Assignment
Once the line with "WOHNRAUM MIT ANLIEGERWOHNUNG" is found, write it out along with each later line exactly, through the end of the entries, skipping every picture.
....
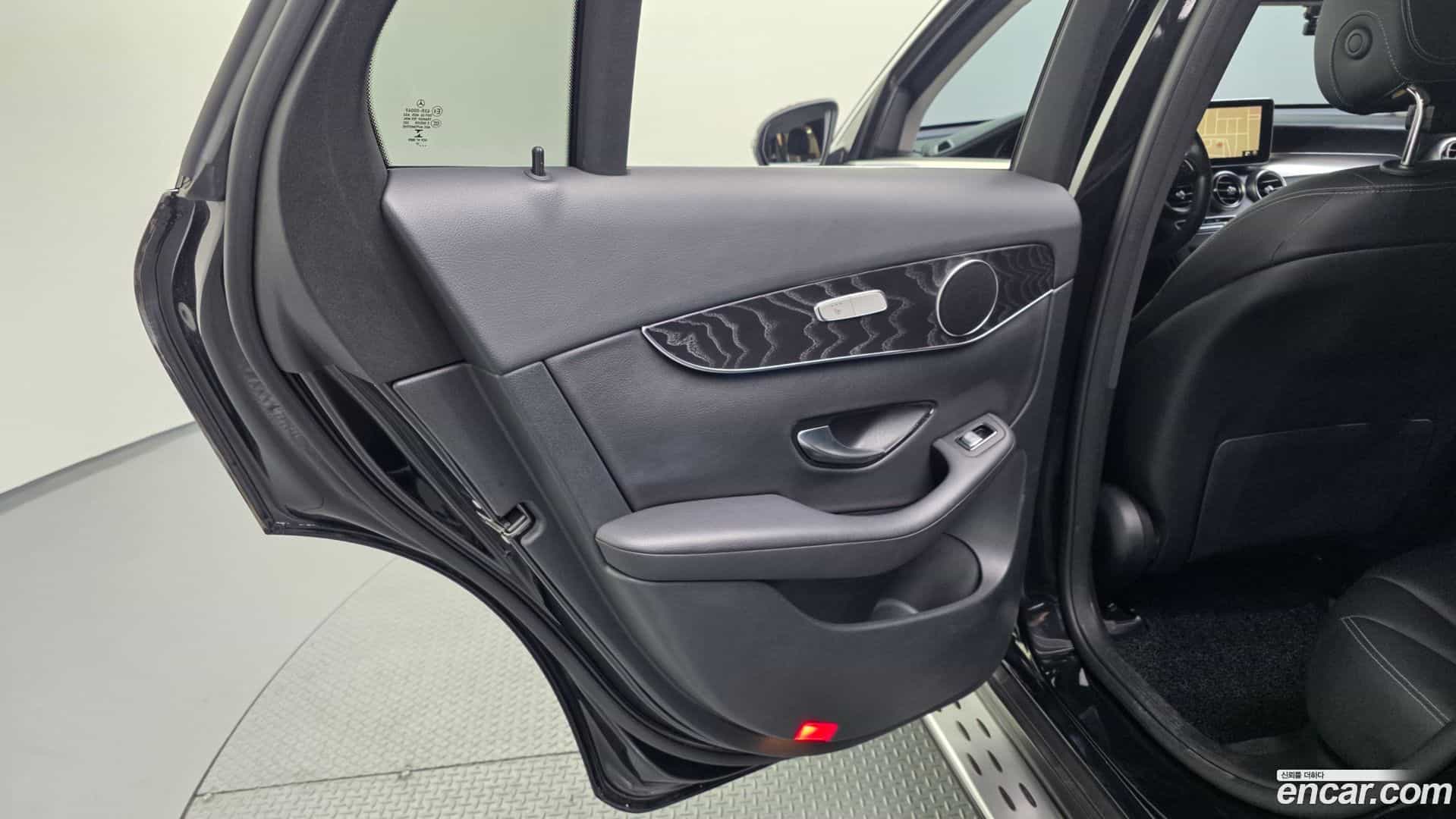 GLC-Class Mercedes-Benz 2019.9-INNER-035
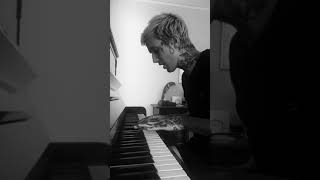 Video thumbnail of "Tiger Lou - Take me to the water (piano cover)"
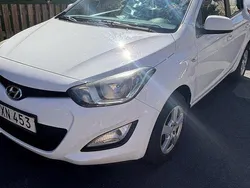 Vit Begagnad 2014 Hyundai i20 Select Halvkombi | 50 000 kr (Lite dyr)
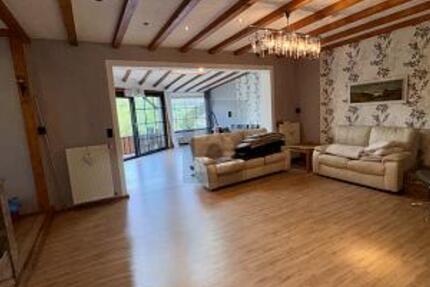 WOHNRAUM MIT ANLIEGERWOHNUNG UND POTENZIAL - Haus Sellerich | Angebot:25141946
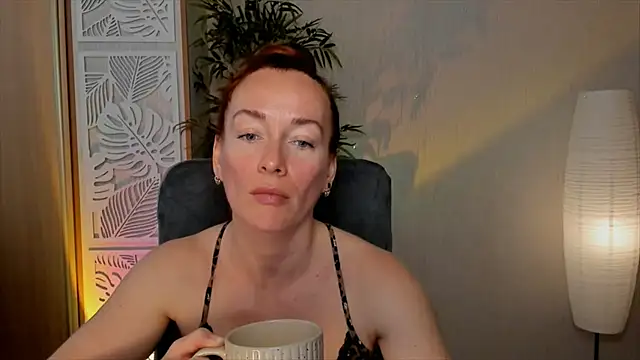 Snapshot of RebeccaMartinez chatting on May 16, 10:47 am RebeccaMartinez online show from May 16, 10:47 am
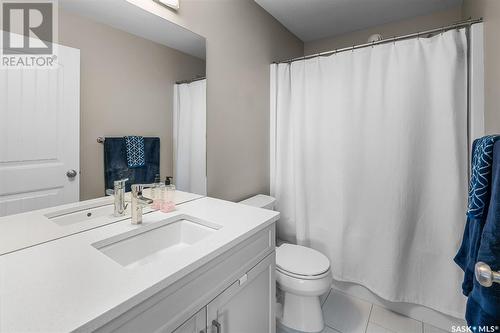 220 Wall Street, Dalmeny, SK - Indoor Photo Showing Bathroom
....
Problem solution
 WOHNRAUM MIT ANLIEGERWOHNUNG UND POTENZIAL - Haus Sellerich | Angebot:25141946
 Snapshot of RebeccaMartinez chatting on May 16, 10:47 am RebeccaMartinez online show from May 16, 10:47 am
 220 Wall Street, Dalmeny, SK - Indoor Photo Showing Bathroom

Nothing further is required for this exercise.